Your goal:
Copy task for the material below: print the line with "Closed Rhinoplasty for" and every line after it to the end, exactly as written, without the pictures.

Listed entries:

★ ★ ★ ★

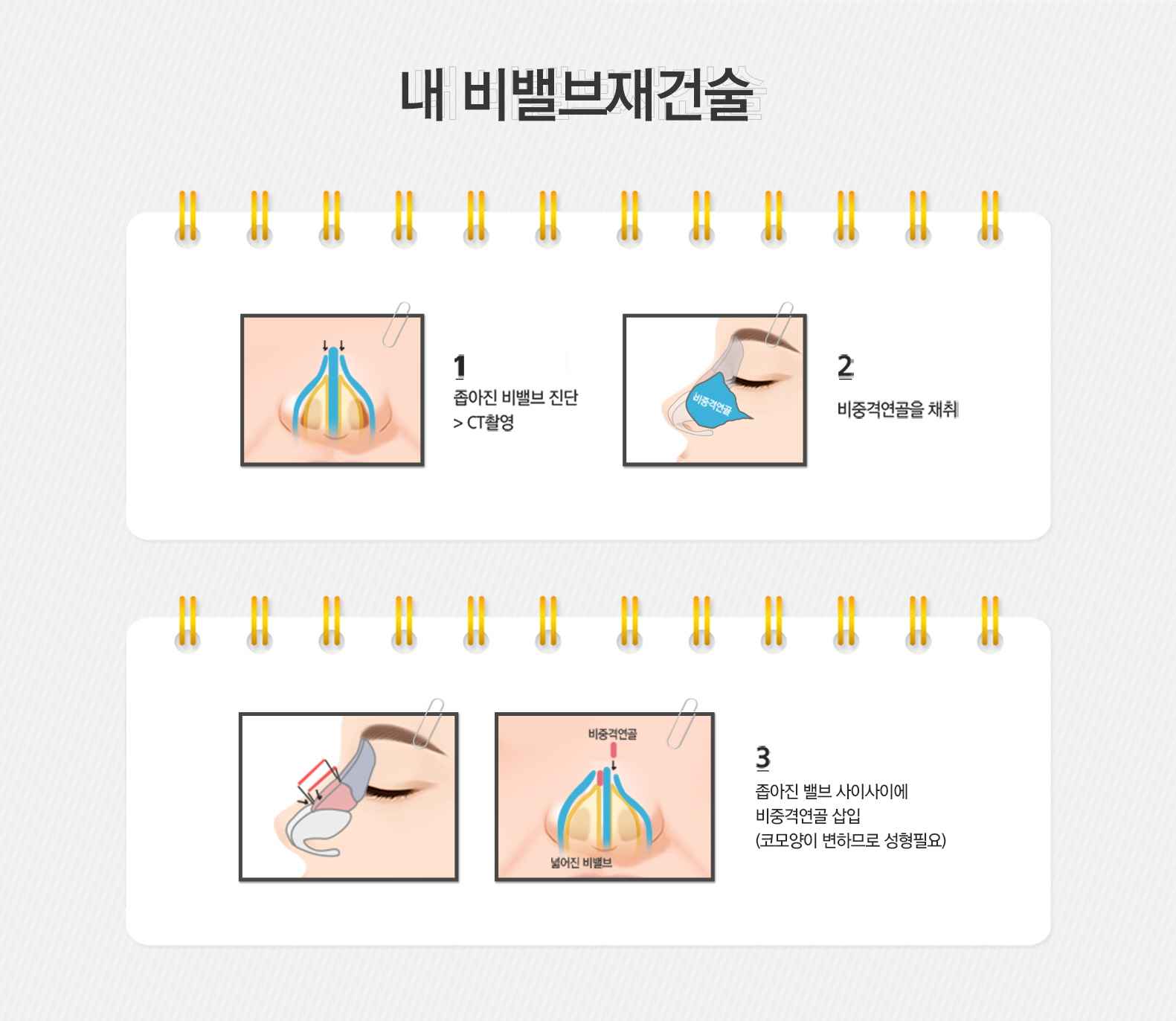 비밸브재건술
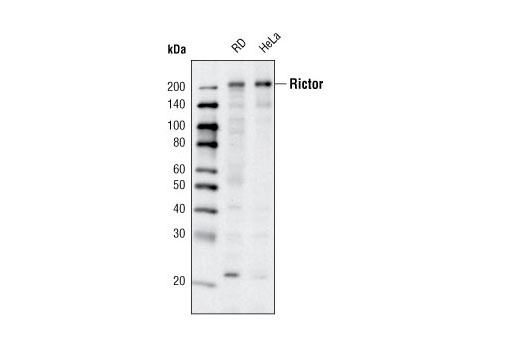 Western blot analysis of extracts from RD and HeLa cells using Rictor (D16H9) Rabbit mAb.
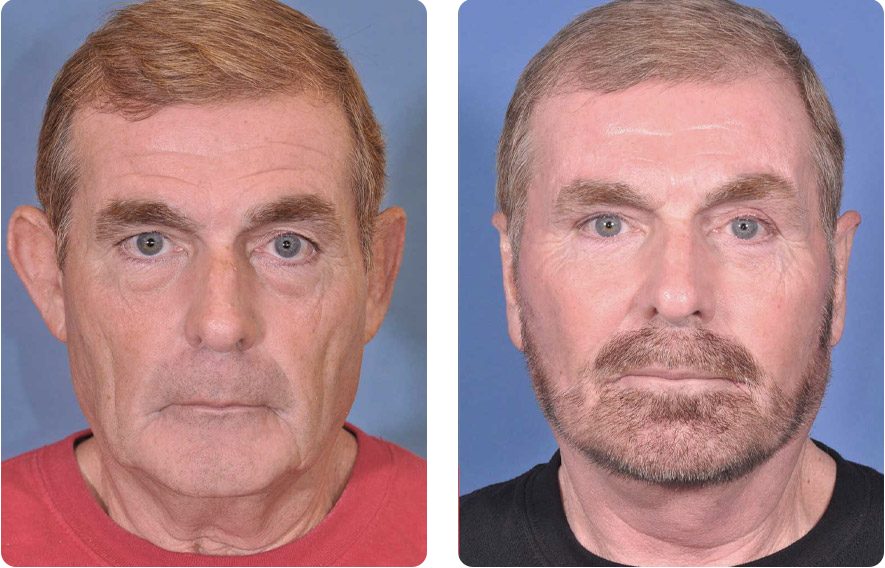 Male face before and after - Facelift and Ear Pin Back (Otoplasty) treatments, front view, patient 4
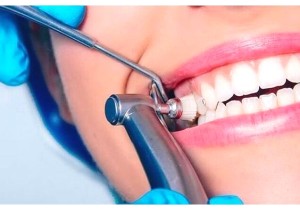 Лечение пульпита четырехканального зуба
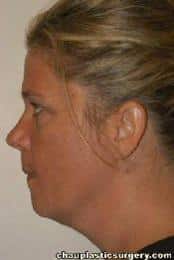 Neck Liposuction
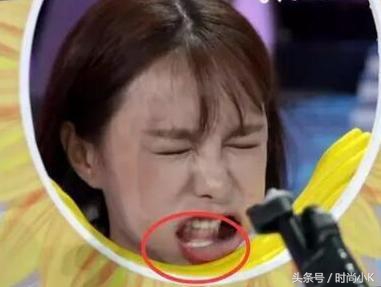 沈梦辰下巴真实照片,沈梦辰取鼻假体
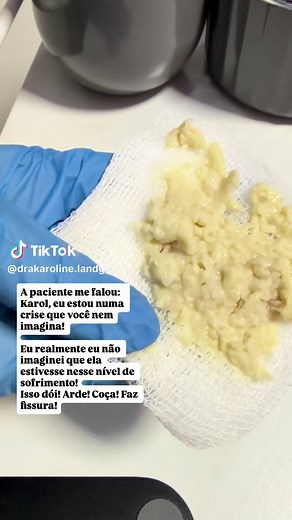 SOS PERERECA: Alívio Rápido para Mulheres em Crise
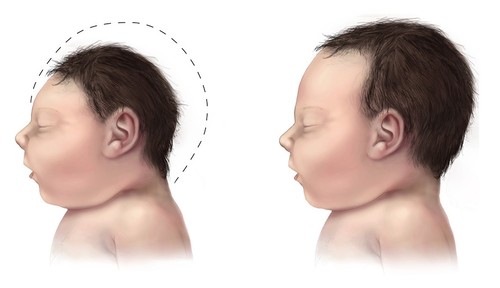Alteraciones cerebrales causadas por el virus Zika en bebés/Wikiwand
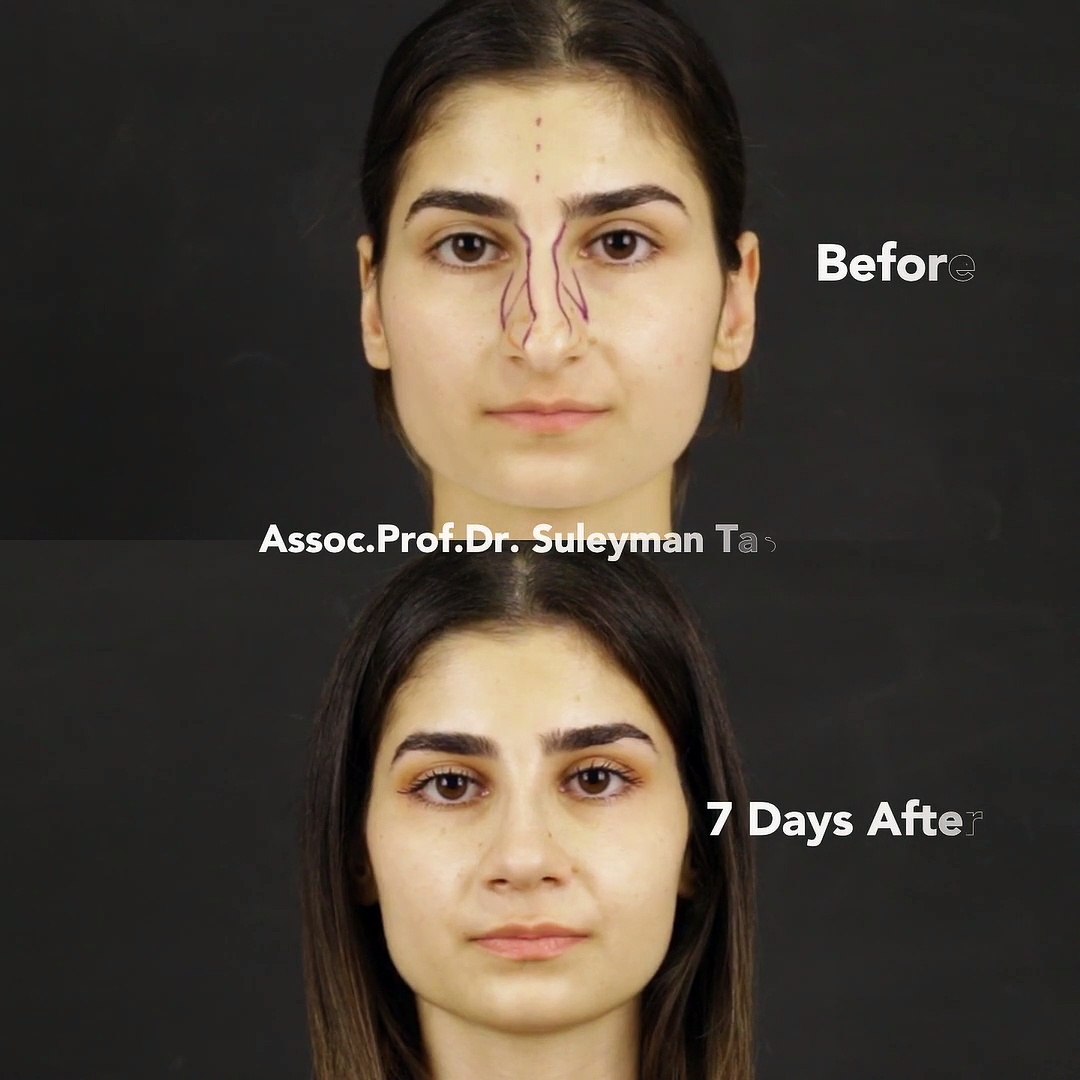 Closed Rhinoplasty for Female Patient - Dailymotion Video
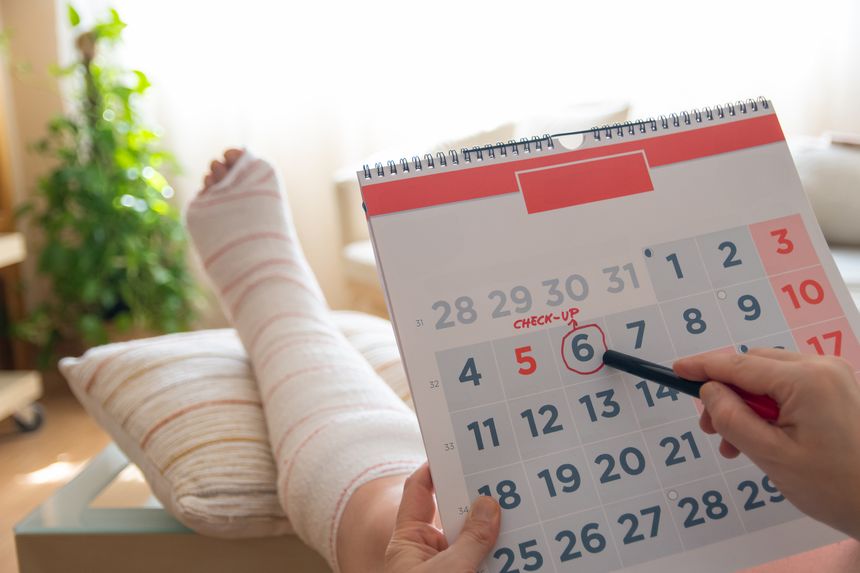 Patient with a broken leg wrapped in a cast marks a date on a calendar for a medical check-up, highlighting the importance of timely healthcare management and recovery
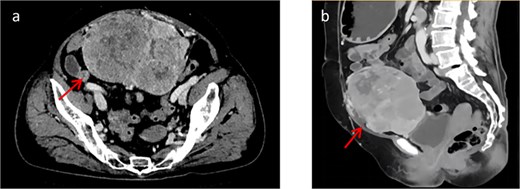 (a) Shows a cross-sectional view of the pelvic contrast-enhanced CT scan. (b) Shows a sagittal view of the pelvic contrast-enhanced CT scan.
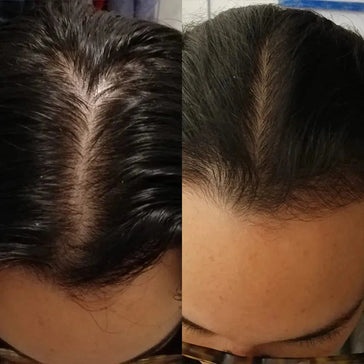 Scandinavian Biolabs Shampoo + Conditioner für Frauen Kombi-Packung Scandinavian Biolabs Shampoo + Conditioner für Frauen Kombi-Packung - Hairgivers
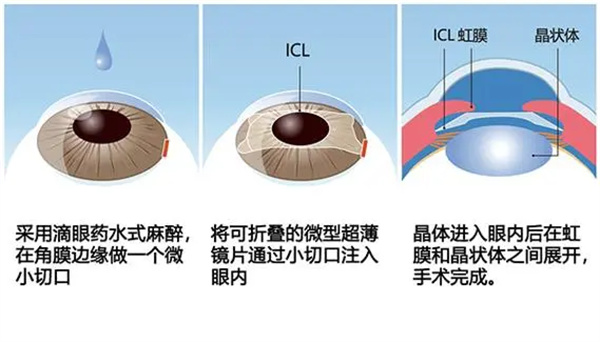icl晶体植入手术方法 icl晶体植入手术方法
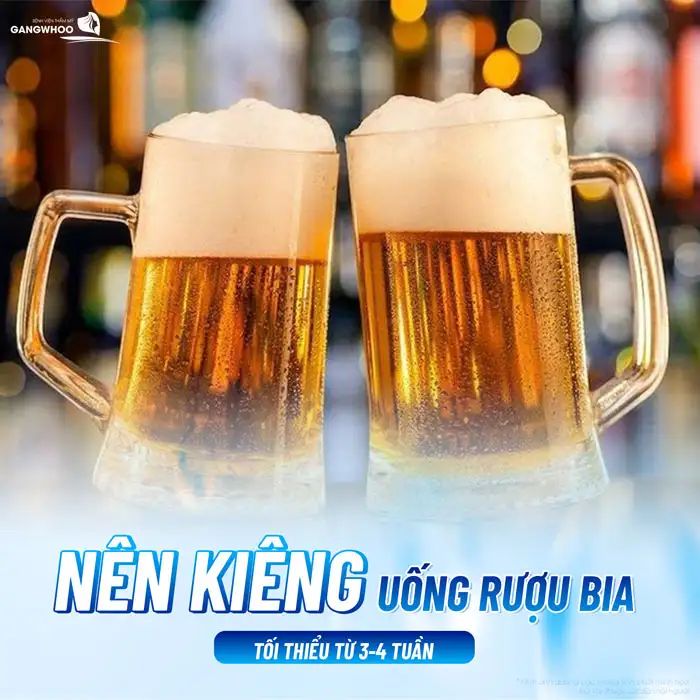 Cắt mí có được uống bia không? Sau cắt mí kiêng rượu bia bao lâu?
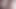 Masturbation Anal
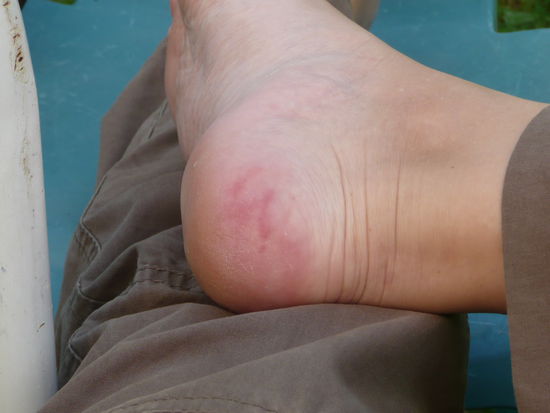 Meine Ferse nach 10 Tagen.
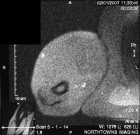 Zoom image: Radiological image
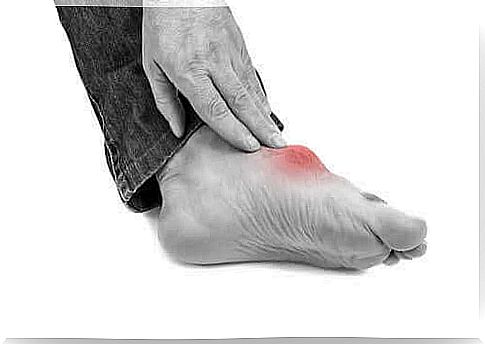 Foot with arthritis caused by purine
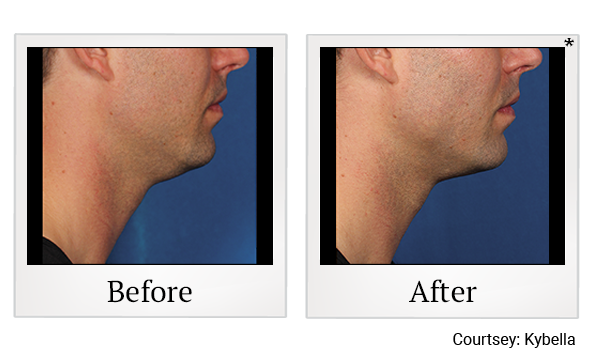 Before and After Photo 5 of Kybella® treatment at SF Bay Cosmetic Surgery Medical Group in San Ramon, Pleasanton, San Jose, and Oakland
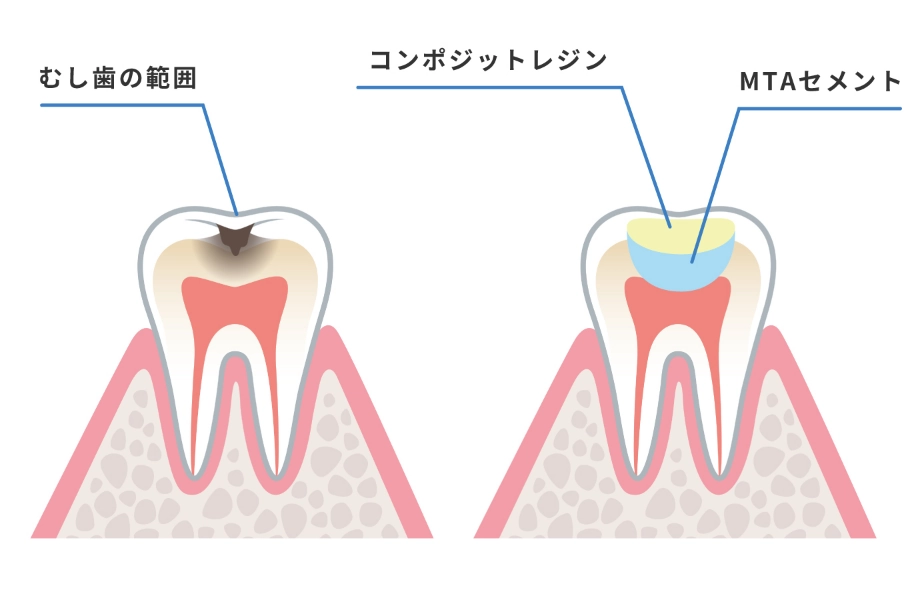 神経をなるべく残す治療（歯髄温存治療）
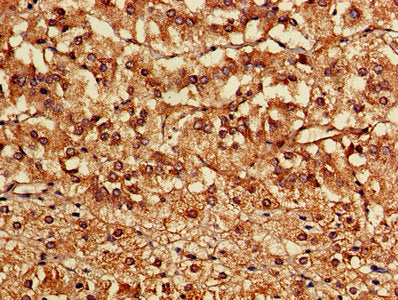 Immunohistochemistry of paraffin-embedded human adrenal gland tissue using CSB-PA004539LA01HU at dilution of 1:100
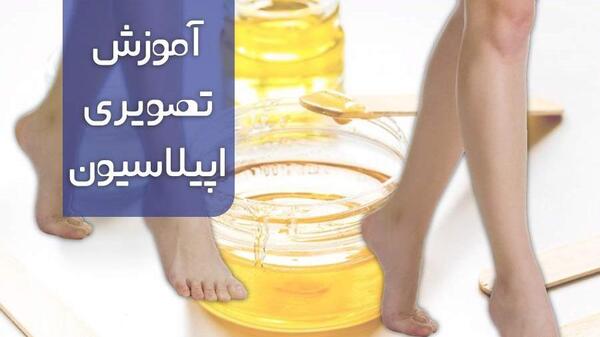 عکس اپیلاسیون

★ ★ ★ ★

Task solution:
 Closed Rhinoplasty for Female Patient - Dailymotion Video
 Patient with a broken leg wrapped in a cast marks a date on a calendar for a medical check-up, highlighting the importance of timely healthcare management and recovery
 (a) Shows a cross-sectional view of the pelvic contrast-enhanced CT scan. (b) Shows a sagittal view of the pelvic contrast-enhanced CT scan.
 Scandinavian Biolabs Shampoo + Conditioner für Frauen Kombi-Packung Scandinavian Biolabs Shampoo + Conditioner für Frauen Kombi-Packung - Hairgivers
icl晶体植入手术方法 icl晶体植入手术方法
 Cắt mí có được uống bia không? Sau cắt mí kiêng rượu bia bao lâu?
 Masturbation Anal
 Meine Ferse nach 10 Tagen.
 Zoom image: Radiological image
 Foot with arthritis caused by purine
 Before and After Photo 5 of Kybella® treatment at SF Bay Cosmetic Surgery Medical Group in San Ramon, Pleasanton, San Jose, and Oakland
 神経をなるべく残す治療（歯髄温存治療）
 Immunohistochemistry of paraffin-embedded human adrenal gland tissue using CSB-PA004539LA01HU at dilution of 1:100
 عکس اپیلاسیون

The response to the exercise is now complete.